Tropical Storm Sam, the 18th named storm of the season, formed on September 23 before becoming a hurricane on September 24, reaching category 4 status by September 25. By this time, the record-breaking 2020 season had more named storms, at 23. However, there are still another two months of the season to go to see if 2021 will reach 2020's total of 30. 

Saildrone shared another video that shows SD 1045's location in the hurricane alongside the footage. 


Satellite imagery of hurricanes churning from orbit is pretty common these days as they are monitored from all angles. Footage from ocean level on the other hand is new, collecting critical scientific data whilst also giving us a completely new view of one of Earth's greatest – and most destructive – phenomena. 

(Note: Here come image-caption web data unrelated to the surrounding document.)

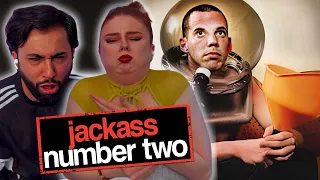 Jackass Number Two (2006) *We both THREW UP* MOVIE REACTION!!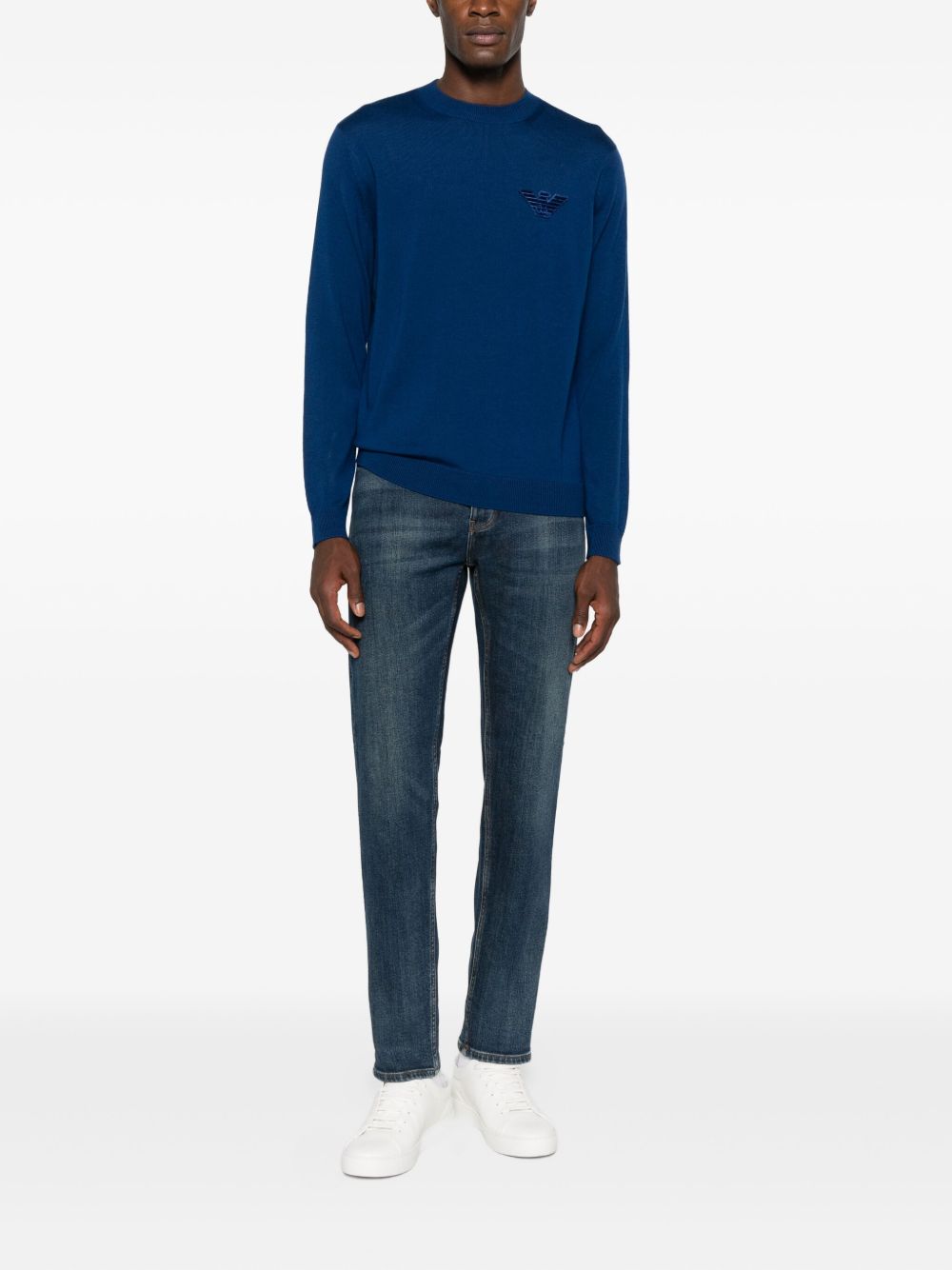 Emporio Armani Sweaters Blue EM002419AF14158UB079 (EMPORIO ARMANI / ニット・セーター・カーディガン ) | EMPORIO ARMANI (エンポリオ アルマーニ)(2)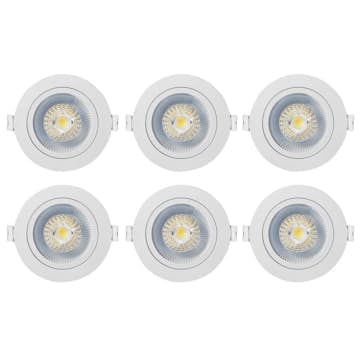 Downlight Westal Nedljus 7W 650Lm 27,3,4K Vit 6-pack Wld Fr72 Flex Tilt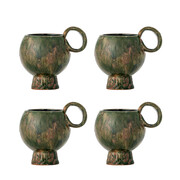 Bloomingville Juego de 4 tazas Avonlea verdes - 82072480 Bloomingville Juego de 4 tazas Avonlea verdes - 82072480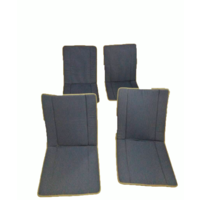 thumb-Original seat cover set for complete set in blue striped cloth (exact copy of the original cloth!) years ' 50 ' 60 Citroën 2CV-1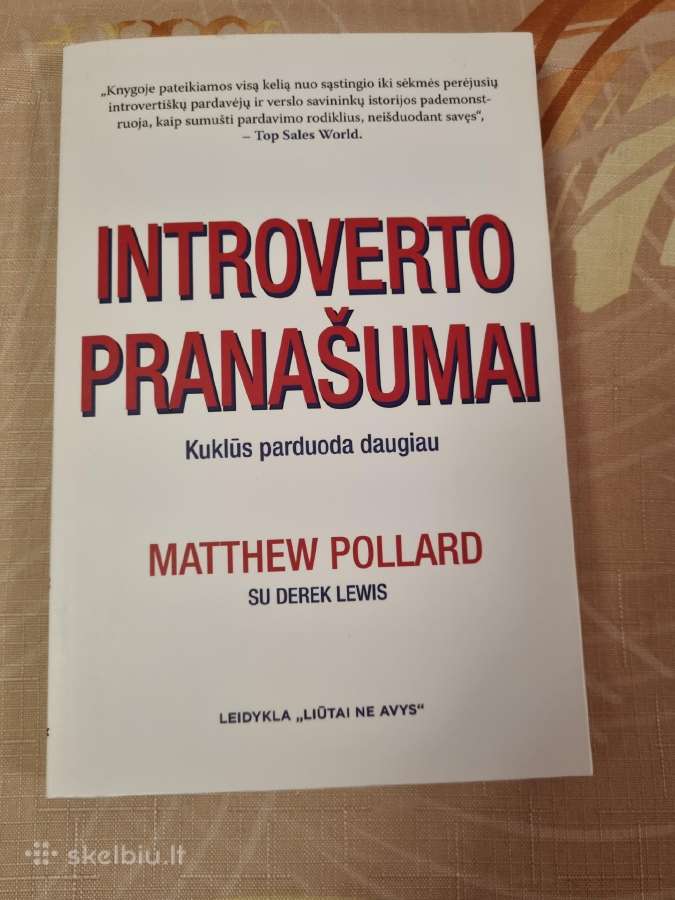 Introverto pranašumai , kuklūs parduoda daugiau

“Saildrone is going where no research vessel has ever ventured, sailing right into the eye of the hurricane, gathering data that will transform our understanding of these powerful storms,” said Richard Jenkins, Saildrone founder and CEO, in a statement

“Using data collected by saildrones, we expect to improve forecast models that predict rapid intensification of hurricanes,” added NOAA scientist Greg Foltz. “Rapid intensification, when hurricane winds strengthen in a matter of hours, is a serious threat to coastal communities. New data from saildrones and other uncrewed systems that NOAA is using will help us better predict the forces that drive hurricanes and be able to warn communities earlier.”

The National Hurricane Center expects Sam to remain a hurricane status for the next few days, and is likely to send some huge swells towards islands like Bermuda and the Bahamas. "These swells will likely cause life-threatening surf and rip current conditions," NOAA warned, so stay well away from the seas in these areas for the next week. Sit back and watch the wild weather from the comfort of your sofa instead.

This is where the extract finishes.